REQUIRED WORK
Leave out every picture and set down, exactly, the lines below from the one holding "In the retail" up to and including the one holding "We're going to".

DATASET CONTENT

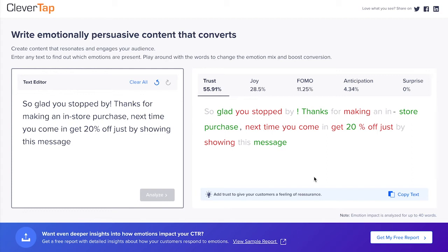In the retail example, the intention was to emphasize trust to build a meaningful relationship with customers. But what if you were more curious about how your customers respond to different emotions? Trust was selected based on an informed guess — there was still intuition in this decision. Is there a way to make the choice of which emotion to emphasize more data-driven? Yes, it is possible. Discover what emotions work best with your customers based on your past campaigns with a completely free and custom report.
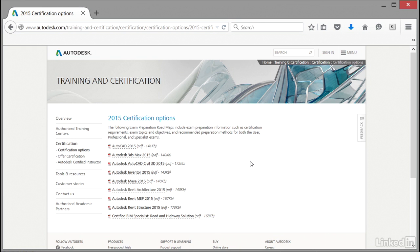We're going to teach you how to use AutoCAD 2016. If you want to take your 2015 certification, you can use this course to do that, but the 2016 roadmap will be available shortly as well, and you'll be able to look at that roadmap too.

--

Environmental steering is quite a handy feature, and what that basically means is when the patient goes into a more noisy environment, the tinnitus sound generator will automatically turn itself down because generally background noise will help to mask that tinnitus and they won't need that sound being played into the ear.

TASK RESPONSE
In the retail example, the intention was to emphasize trust to build a meaningful relationship with customers. But what if you were more curious about how your customers respond to different emotions? Trust was selected based on an informed guess — there was still intuition in this decision. Is there a way to make the choice of which emotion to emphasize more data-driven? Yes, it is possible. Discover what emotions work best with your customers based on your past campaigns with a completely free and custom report.
We're going to teach you how to use AutoCAD 2016. If you want to take your 2015 certification, you can use this course to do that, but the 2016 roadmap will be available shortly as well, and you'll be able to look at that roadmap too.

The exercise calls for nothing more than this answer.